Credit card: Smile at 9.9 per cent
For long-term investing, Marlene Shalton recommends Sara use a mini equity Isa where she can invest up to £4,000 per year. She can do this with an ethical profile. Sara should log on to the Ethical Investment Research Service (EIRIS) at www.eiris.co.uk.
This provides research into corporate behaviour, helps charities and other investors identify the approach appropriate to their requirements, and publishes guides which recommend various funds with ethical criteria. She can also find an adviser who specialises in ethical investments. Alec Ruthven adds that Sara would benefit from the security of an emergency fund in place to cover the cost of unforeseen expenses. A recommended minimum is between three and six months' essential monthly expenditure.
Because Sara has a Smile credit card, Lisanne Mealing suggests she use Smile for all her banking. It would be easy to add an online cash Isa to her accounts and she will receive interest gross at 4.65 per cent, with no further tax to pay. She can easily switch funds from her current account at the end of every month as a sweep-up exercise. This way she will quickly build up a lump sum which could be used to invest in a maxi Isa where she will have access to stock market funds and the potential for greater growth.
Shalton says Sara would have received the Child Trust Fund of £250 for Noah. She should think carefully about investing this if she hasn't already done so. Given that the money will be invested until Noah is 18, she should consider equity-based investments at least for the first 10 to 12 years to gain the optimum growth. She will be receiving child benefit of £73.66 a month and that may enable her to put some of her owns funds into a stakeholder pension while making sure she keeps saving the child benefit rather than spending it.

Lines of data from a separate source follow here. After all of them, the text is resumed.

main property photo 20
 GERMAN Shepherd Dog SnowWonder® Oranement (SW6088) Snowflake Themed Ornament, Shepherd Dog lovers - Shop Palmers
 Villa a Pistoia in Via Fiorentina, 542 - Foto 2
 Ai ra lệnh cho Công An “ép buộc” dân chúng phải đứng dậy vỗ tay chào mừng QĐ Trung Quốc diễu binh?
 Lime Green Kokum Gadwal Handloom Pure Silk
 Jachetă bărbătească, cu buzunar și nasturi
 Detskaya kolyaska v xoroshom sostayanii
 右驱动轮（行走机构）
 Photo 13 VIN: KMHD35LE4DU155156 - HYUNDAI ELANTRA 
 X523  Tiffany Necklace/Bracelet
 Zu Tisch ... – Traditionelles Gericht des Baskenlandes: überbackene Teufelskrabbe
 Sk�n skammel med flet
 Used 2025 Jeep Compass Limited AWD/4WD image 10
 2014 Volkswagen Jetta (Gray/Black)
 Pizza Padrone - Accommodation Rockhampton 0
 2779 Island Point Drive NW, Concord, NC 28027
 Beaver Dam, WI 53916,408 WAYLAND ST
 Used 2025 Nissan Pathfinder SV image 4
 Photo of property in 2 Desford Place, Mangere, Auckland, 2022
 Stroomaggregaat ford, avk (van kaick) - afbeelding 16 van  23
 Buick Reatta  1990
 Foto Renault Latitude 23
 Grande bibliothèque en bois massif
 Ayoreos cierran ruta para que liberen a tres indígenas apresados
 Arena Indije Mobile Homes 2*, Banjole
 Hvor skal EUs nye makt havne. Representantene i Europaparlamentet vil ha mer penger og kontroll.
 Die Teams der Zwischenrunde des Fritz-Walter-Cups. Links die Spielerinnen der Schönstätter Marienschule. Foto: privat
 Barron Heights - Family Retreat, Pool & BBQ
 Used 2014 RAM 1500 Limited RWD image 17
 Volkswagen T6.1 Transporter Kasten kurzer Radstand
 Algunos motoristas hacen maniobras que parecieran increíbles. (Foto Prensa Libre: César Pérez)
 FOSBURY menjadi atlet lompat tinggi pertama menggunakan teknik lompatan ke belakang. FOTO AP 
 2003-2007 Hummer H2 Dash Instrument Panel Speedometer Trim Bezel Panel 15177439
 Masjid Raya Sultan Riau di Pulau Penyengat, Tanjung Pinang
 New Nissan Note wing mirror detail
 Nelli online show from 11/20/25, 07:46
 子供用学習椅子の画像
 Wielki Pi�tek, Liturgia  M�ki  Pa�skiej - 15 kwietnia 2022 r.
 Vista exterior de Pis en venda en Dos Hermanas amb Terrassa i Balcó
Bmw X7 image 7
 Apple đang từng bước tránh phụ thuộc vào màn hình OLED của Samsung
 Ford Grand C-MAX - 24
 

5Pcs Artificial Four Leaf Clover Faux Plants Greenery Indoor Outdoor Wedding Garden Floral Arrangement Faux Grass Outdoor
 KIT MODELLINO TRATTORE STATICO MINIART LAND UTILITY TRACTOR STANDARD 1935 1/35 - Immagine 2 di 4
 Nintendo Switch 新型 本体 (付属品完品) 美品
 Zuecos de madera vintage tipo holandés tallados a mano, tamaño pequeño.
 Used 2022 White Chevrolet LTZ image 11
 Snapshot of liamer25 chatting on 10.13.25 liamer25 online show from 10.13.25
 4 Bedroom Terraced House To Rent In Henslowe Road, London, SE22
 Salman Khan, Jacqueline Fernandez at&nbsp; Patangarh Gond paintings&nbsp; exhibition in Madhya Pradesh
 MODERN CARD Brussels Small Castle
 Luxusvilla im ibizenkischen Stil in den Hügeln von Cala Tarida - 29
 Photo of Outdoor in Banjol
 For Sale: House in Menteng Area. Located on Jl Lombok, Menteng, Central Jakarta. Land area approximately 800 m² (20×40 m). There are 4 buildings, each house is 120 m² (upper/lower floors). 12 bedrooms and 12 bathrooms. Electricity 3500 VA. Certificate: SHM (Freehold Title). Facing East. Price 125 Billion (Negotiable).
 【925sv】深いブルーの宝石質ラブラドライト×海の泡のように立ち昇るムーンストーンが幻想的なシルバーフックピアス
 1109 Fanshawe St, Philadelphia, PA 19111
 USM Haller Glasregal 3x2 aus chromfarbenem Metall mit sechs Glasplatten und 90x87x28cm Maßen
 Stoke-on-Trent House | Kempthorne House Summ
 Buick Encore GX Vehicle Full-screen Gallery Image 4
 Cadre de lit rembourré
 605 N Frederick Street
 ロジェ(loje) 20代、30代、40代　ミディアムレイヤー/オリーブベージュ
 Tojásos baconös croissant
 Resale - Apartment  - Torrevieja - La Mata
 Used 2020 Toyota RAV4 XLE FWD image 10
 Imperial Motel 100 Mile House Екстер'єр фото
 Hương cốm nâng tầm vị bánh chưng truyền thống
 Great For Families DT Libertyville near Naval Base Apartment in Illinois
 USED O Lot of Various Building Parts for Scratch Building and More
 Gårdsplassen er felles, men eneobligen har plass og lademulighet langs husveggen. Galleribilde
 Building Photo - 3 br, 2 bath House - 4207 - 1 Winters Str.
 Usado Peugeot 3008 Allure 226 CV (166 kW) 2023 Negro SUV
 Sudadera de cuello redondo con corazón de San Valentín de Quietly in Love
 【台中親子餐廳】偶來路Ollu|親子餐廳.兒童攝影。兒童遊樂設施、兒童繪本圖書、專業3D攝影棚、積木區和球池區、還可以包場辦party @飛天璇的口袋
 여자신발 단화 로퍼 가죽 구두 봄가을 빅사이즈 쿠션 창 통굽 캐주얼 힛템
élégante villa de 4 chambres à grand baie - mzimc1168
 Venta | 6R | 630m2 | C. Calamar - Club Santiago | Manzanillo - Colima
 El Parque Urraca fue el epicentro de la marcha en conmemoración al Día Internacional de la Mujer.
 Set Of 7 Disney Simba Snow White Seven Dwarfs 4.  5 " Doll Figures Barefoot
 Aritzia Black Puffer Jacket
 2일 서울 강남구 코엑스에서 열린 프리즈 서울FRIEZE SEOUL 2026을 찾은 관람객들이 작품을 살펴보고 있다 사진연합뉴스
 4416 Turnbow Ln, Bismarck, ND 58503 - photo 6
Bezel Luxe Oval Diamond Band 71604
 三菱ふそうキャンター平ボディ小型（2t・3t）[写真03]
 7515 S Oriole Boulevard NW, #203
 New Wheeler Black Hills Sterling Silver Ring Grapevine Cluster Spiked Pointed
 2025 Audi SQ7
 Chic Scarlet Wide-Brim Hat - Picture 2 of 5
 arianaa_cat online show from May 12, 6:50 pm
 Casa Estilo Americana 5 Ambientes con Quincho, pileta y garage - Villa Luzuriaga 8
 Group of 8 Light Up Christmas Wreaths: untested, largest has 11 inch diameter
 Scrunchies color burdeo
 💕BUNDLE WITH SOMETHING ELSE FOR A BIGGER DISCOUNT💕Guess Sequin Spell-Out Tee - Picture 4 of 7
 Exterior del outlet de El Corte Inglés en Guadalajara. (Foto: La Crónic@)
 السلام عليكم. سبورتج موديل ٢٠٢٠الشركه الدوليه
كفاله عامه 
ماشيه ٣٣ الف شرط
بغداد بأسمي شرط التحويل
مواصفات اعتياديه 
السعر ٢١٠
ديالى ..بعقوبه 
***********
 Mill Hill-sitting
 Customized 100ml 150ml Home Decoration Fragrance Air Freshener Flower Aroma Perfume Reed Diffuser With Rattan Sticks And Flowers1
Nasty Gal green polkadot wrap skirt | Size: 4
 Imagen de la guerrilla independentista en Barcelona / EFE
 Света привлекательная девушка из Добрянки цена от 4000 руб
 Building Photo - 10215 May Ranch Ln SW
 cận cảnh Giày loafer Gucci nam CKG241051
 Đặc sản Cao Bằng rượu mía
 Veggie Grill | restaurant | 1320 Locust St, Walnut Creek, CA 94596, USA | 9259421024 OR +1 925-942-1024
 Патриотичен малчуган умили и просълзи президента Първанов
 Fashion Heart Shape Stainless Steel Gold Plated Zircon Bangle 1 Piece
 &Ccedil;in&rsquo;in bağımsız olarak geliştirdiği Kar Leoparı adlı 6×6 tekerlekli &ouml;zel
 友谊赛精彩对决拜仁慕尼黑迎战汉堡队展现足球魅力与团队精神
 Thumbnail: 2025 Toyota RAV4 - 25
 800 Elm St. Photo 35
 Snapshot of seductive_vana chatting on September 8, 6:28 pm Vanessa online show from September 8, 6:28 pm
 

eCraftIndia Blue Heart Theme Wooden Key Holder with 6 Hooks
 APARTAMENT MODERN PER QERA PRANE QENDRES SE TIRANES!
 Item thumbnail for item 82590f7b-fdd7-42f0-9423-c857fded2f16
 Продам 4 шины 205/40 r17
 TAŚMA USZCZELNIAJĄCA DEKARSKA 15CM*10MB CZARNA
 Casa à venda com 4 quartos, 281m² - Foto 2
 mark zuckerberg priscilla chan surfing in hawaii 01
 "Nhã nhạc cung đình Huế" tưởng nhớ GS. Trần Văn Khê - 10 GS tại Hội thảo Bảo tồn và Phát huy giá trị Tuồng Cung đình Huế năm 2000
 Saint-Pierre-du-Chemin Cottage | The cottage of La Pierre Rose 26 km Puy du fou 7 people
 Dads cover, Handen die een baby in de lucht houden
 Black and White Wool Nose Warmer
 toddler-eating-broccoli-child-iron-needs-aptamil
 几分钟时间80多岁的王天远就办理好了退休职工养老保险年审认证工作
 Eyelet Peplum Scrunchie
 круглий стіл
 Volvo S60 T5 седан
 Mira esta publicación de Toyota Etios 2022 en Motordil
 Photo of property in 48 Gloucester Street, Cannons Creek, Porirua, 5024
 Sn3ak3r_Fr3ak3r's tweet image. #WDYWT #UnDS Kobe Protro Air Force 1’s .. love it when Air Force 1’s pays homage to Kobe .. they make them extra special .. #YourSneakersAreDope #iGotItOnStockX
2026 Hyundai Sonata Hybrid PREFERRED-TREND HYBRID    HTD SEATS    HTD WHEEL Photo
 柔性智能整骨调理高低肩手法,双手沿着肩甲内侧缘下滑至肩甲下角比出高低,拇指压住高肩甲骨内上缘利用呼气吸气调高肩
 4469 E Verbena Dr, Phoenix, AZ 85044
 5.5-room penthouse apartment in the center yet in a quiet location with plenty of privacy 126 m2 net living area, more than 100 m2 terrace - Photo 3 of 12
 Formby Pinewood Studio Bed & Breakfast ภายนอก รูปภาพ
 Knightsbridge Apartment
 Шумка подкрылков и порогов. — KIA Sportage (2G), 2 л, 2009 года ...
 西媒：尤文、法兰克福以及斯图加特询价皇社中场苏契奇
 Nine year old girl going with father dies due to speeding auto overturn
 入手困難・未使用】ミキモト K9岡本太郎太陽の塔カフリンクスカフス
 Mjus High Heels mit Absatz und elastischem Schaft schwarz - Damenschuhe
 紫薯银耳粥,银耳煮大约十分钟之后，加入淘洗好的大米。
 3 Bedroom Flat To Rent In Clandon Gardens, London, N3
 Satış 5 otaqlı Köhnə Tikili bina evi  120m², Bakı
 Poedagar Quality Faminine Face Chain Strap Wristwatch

As Sara's objectives seem to be for her own personal savings and ultimate retirement, grandparents should be encouraged to contribute to the Child Trust Fund.
Ruthven suggests that Sara approach the Inland Revenue to see if she qualifies for any help with childcare costs as she will be working more than 16 hours a week.
Sara will continue to build up benefits within her pension fund at her pre-maternity full salary level, says Mealing. Having looked at a projected value at age 60, it would appear that Sara's fund of £110,000, plus continued contributions from both her and her employer, will mean she should retire on a pension of about two-thirds of her final salary.
With Sara earning less than £30,000 a year and contributing to her employer's scheme, Shalton advises her to contribute up to £3,600 per annum gross through a stakeholder pension plan. With basic-rate tax relief at 22 per cent, she only pays the equivalent of £234 per month.
As Sara wishes to retire at 55 and her company pension has a normal retirement date of 60, she will need to make extra provision to bridge the gap, warns Ruthven.
It might be possible to take early retirement from the scheme, but the pension available would be reduced accordingly, so it is probably better to make separate provision if possible.
Ruthven stresses how important it is for Sara to keep her interest rate under review. Once her current deal with Alliance and Leicester ends, it may be worth looking at the option of staying with it and switching to a low-interest tracker mortgage for the rest of the term, as she will then pay a "fair" interest rate and save money on the costs associated with switching from lender to lender. The lower the balance of the mortgage, the less viable it becomes to keep switching.
Ruthven thinks some Life Assurance, preferably including critical illness cover, should be considered, to protect the family before the mortgage is repaid. Additional cover should also be considered to cover the costs of bringing up a child as a single parent.